Listen to the full Gavin Friday interview below:
Songs To Learn And Sing – EP 768
Gavin Friday on the early days of the Virgin Prunes, the influence of David Bowie, Dublin's Project Arts Centre, post-punk philosophies, The Fall, Vox magazine, Michael O'Shea, Five Go Down to the Sea?'s Finbarr Donnelly, PIL, the NME's C81 cassette, My Bloody Valentine, Cathal Coughlan, and London.
Our conversation on the day jumped all over the place but central to the chat was the concept of outsiders in music and the gravitational pull of London in the late 70s and early 80s. Gavin touched on the early days of the Virgin Prunes, spending a lot of their Rough Trade album advance on photographs in the Wicklow mountains, the influence of David Bowie, Dublin’s Project Arts Centre, post-punk philosophies, The Fall, Vox magazine, Michael O’Shea, Five Go Down to the Sea?’s Finbarr Donnelly, PIL, the NME’s C81 cassette, My Bloody Valentine, Cathal Coughlan, and London.

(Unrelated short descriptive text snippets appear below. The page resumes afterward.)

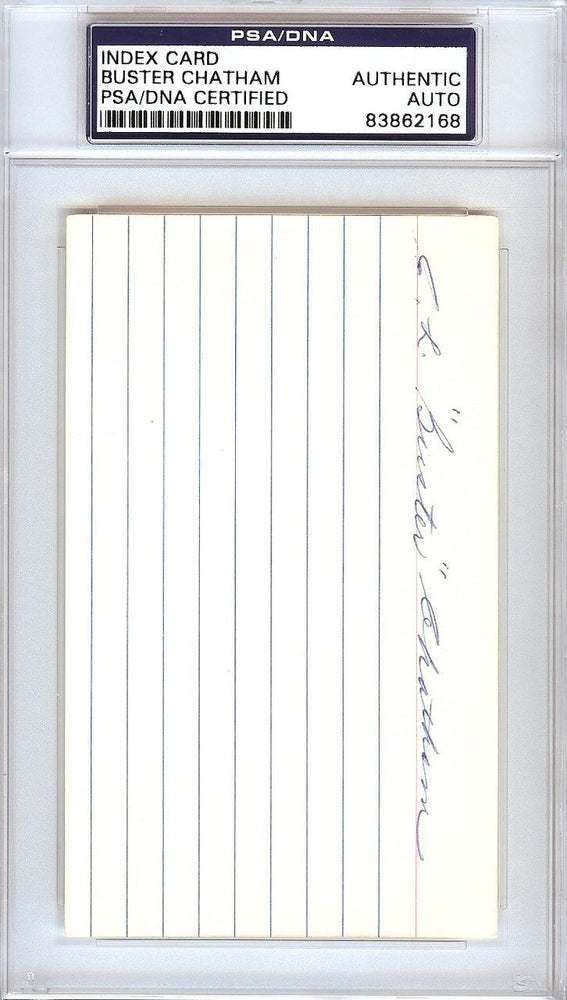 Charles L. "Buster" Chatham Autographed 3x5 Index Card Boston Braves PSA/DNA #83862168 - RSA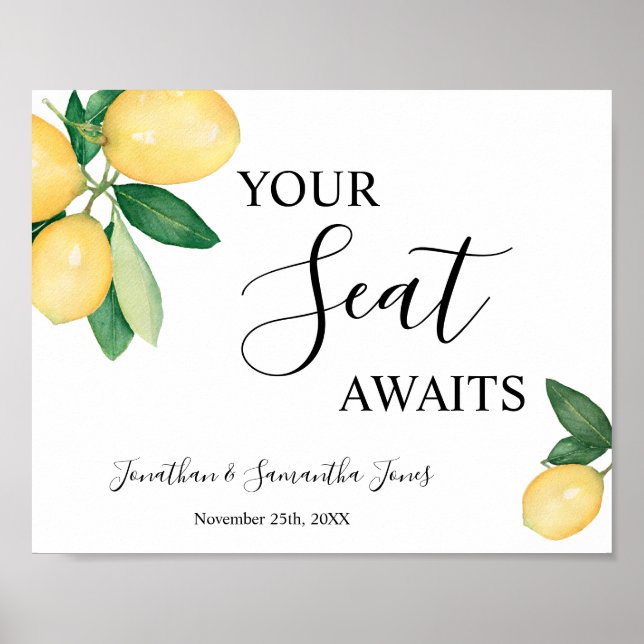 Poster Panneau de réception de mariage Citrons Votre Sièg (Devant)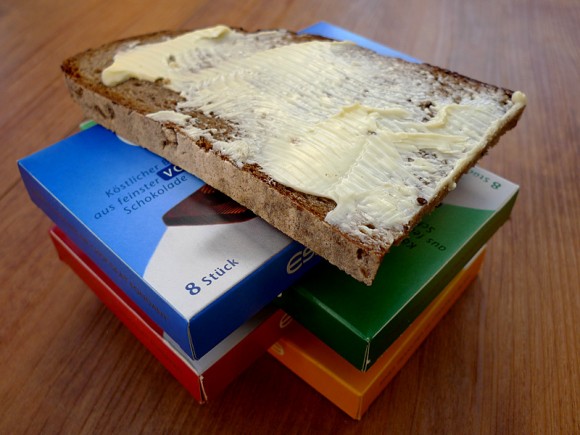Heutzutage gibt es vier Sorten. Butterbrot mit Eszet-Schnitten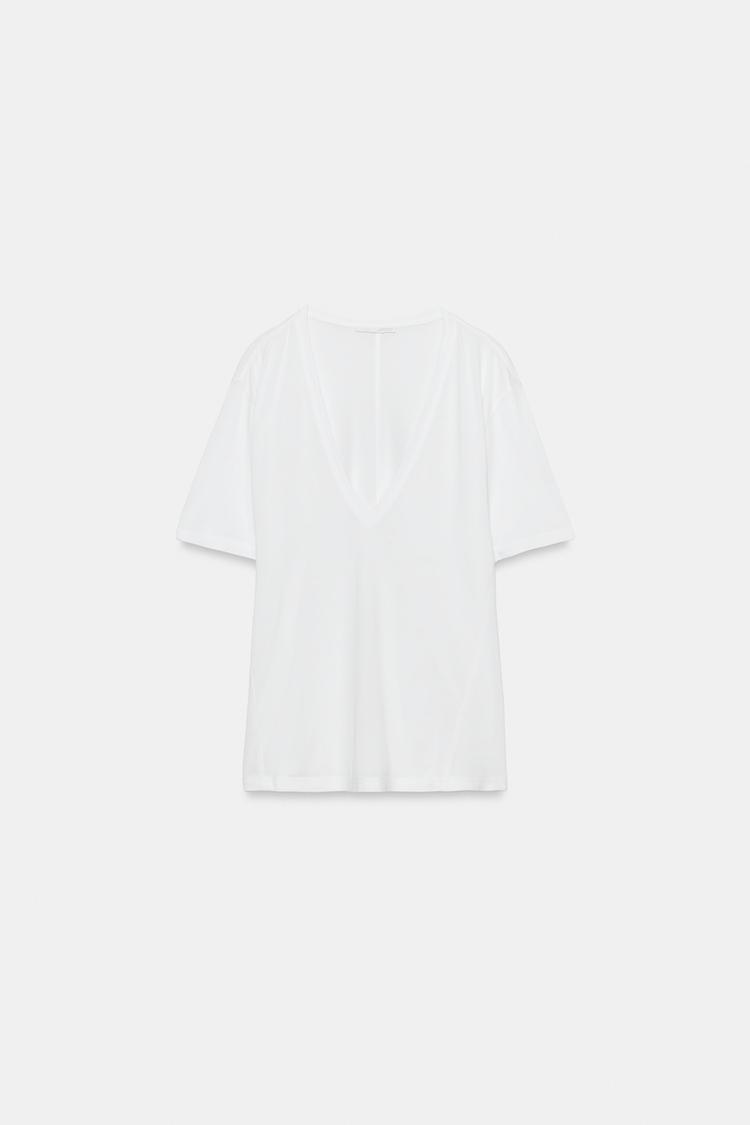 T-SHIRT FLUIDE COL EN V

When I asked Gavin to introduce himself he gave me a wry smile and said, “I’m a former Virgin Prune. I formed the Virgin Prunes in 1977 in Dublin and since those days have still been and still am involved in music, the Arts and God knows what else.” The Virgin Prunes lasted from 1977 until 1986 and released two full length albums — …If I Die, I Die (Rough Trade, 1982) and The Moon Looked Down and Laughed (Baby, 1986) — as well as countless singles and EPs. In their early days the band abandoned traditional rock & roll tropes in favour of performance art, installations and the avant-garde. Early gigs were often staged in performance spaces and galleries rather than pubs and clubs. Their live shows were legendary confrontational events: audiences were often simultaneously shocked and bemused, as the hilarious Twitter exchange below testifies:
The band left Dublin for London in 1979 and spent the next few years gigging throughout Europe where they enjoyed a huge following. The band decamped to Berlin and was fêted in France, Holland, Belgium and Germany. The UK music press of the day either loved or hated the band. Articles about the band were either positive or downright negative — indeed many were vitriolic, caustic and simply nasty. In order to add context to what Gavin discusses I’ve peppered this feature with some quotations from various reviews and interviews published between 1982 and 1983 in both the NME and Melody Maker.
After the break-up of the band Gavin went on to forge an idiosyncratic solo career that to date has seen him release four solo records as well as countless soundtracks and other works. When I sat down to chat to him it was in the studio where he was working on a new record — a record which will hopefully be released sometime soon.
What follows is Gavin Friday in his own words…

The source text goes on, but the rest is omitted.